(Source material Opens)

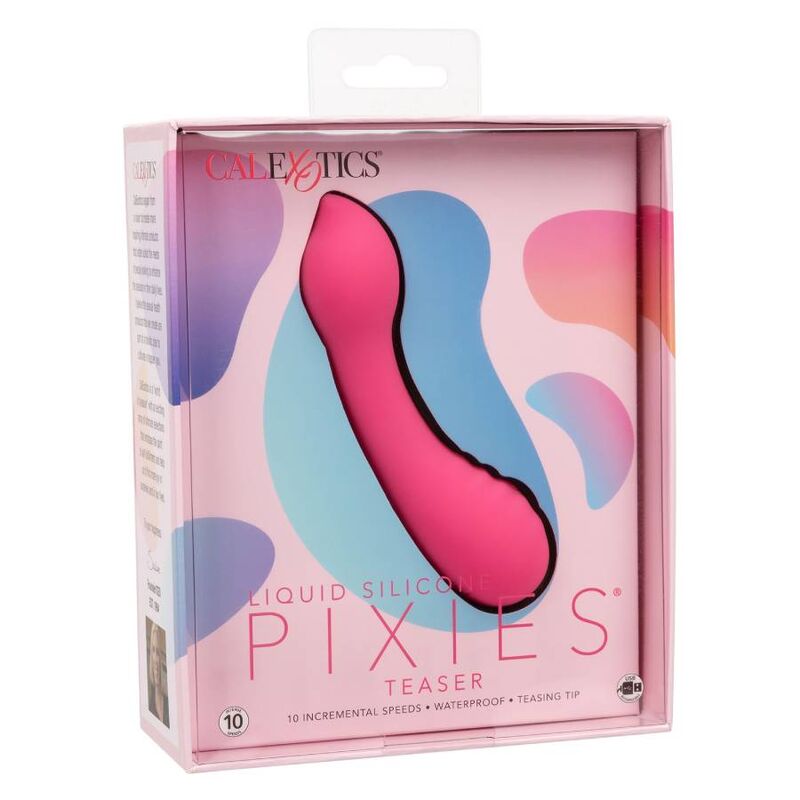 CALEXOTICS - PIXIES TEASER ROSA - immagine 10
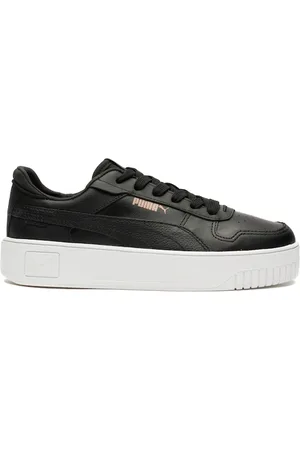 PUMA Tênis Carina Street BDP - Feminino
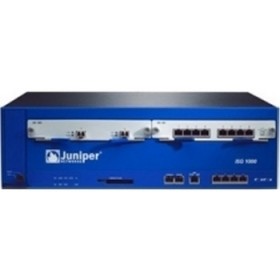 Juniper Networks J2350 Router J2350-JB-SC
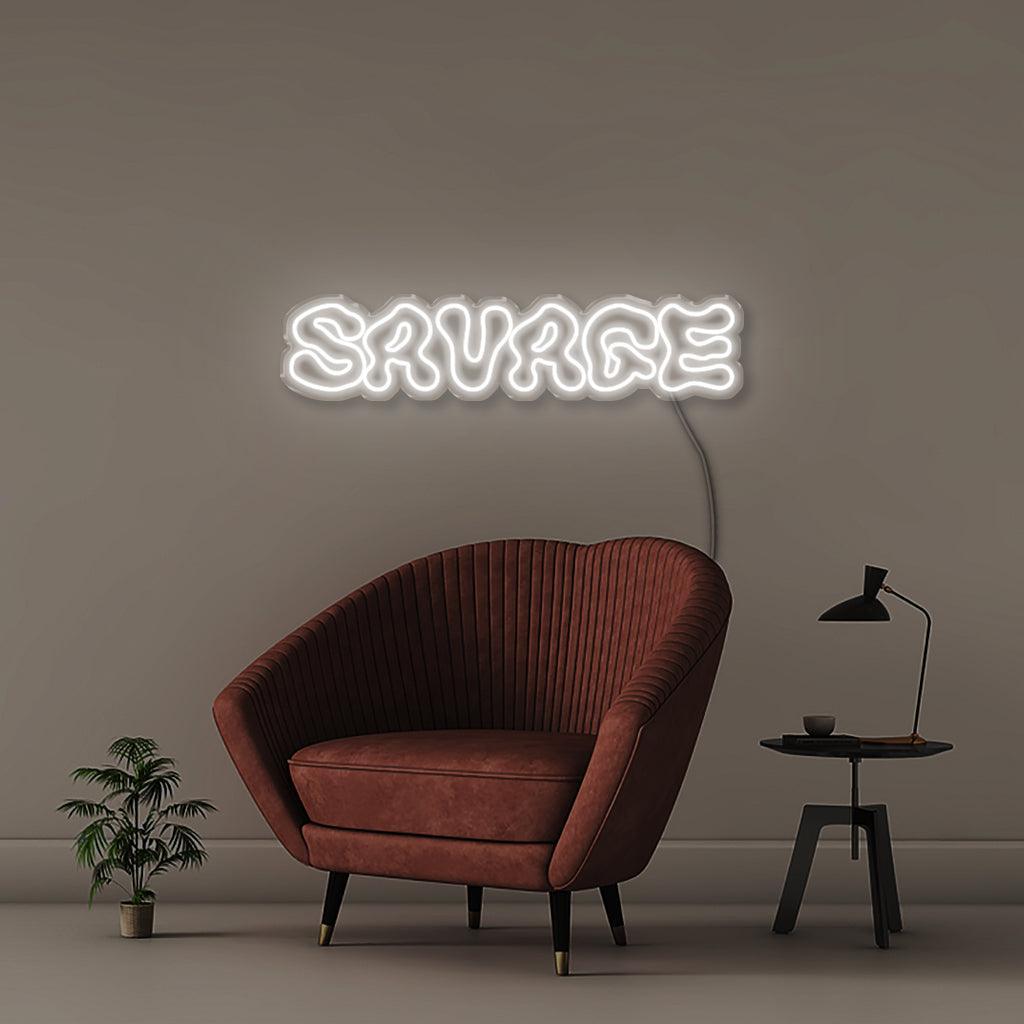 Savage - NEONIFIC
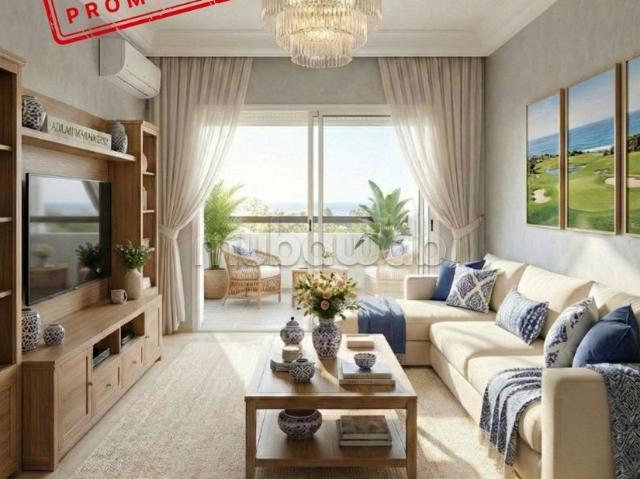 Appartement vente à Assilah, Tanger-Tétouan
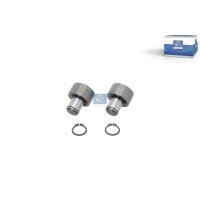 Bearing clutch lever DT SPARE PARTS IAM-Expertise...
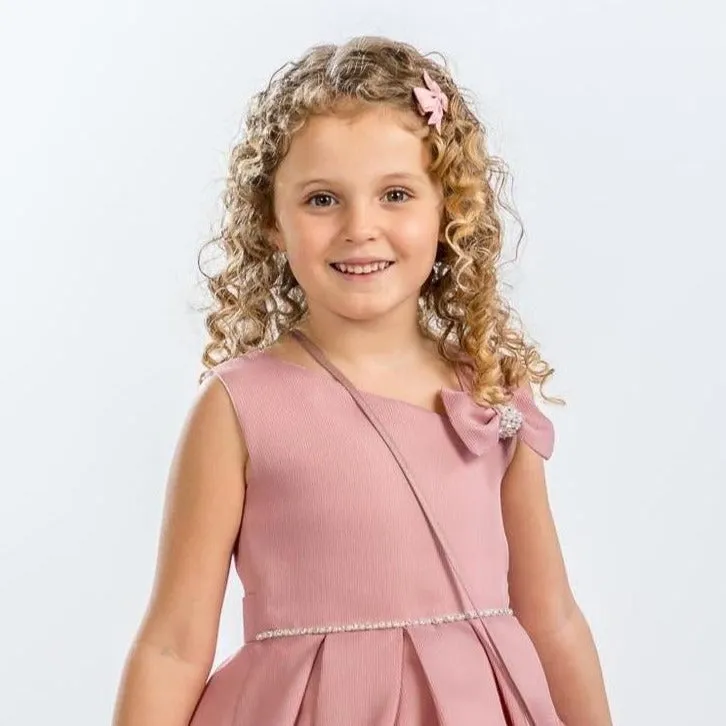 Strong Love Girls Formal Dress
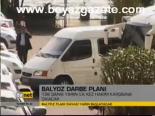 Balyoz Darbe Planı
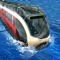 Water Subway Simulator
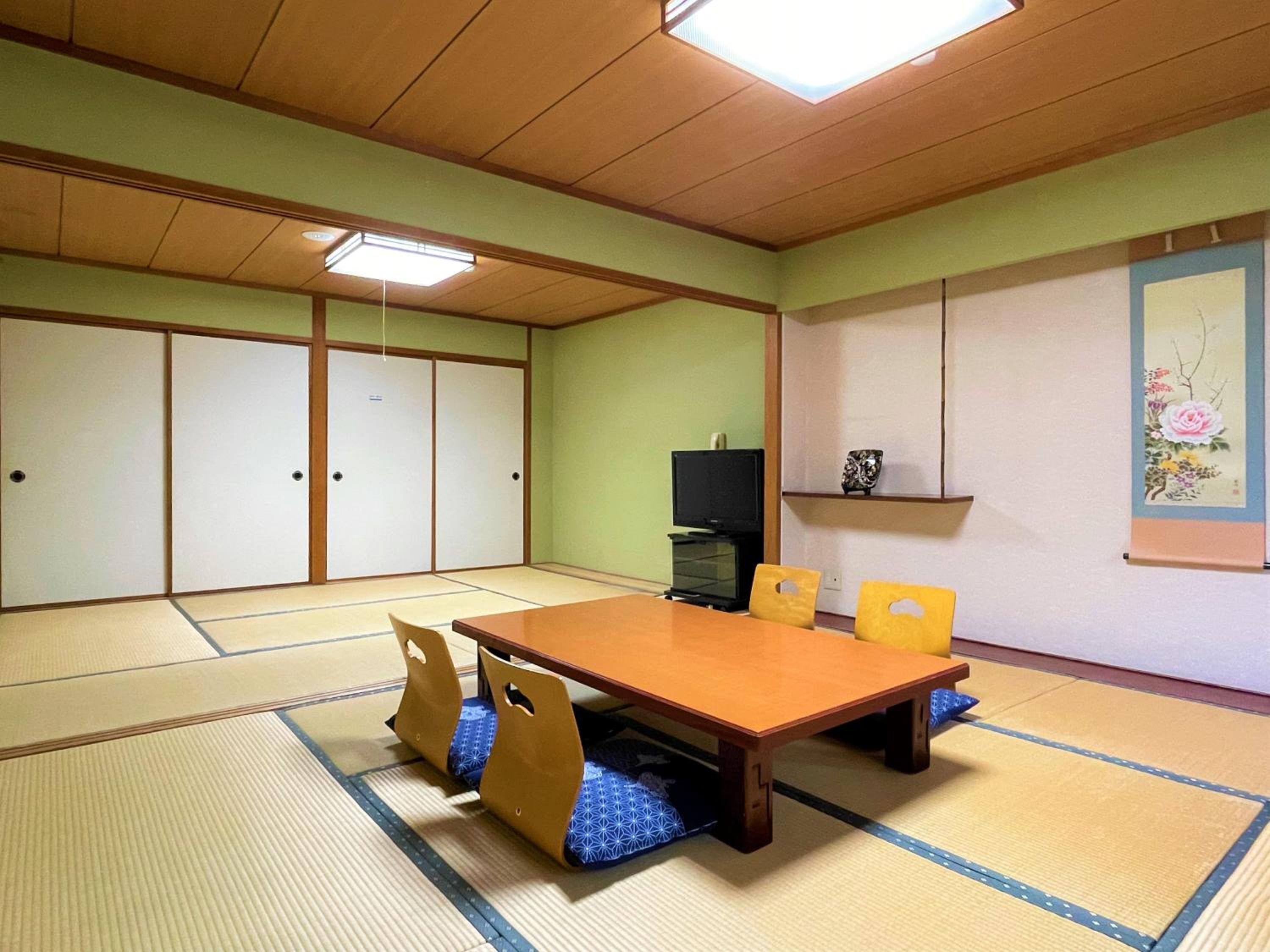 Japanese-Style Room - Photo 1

(Source material Closes)

Starting at the line with "Juniper Networks J2350 Router J2350-JB-SC", reproduce exactly each line through the end of the entries, including the first and the last, and skip the pictures.

§ Output for this exercise:
 Juniper Networks J2350 Router J2350-JB-SC
 Savage - NEONIFIC
 Appartement vente à Assilah, Tanger-Tétouan
 Bearing clutch lever DT SPARE PARTS IAM-Expertise...
 Strong Love Girls Formal Dress
 Balyoz Darbe Planı
 Water Subway Simulator
 Japanese-Style Room - Photo 1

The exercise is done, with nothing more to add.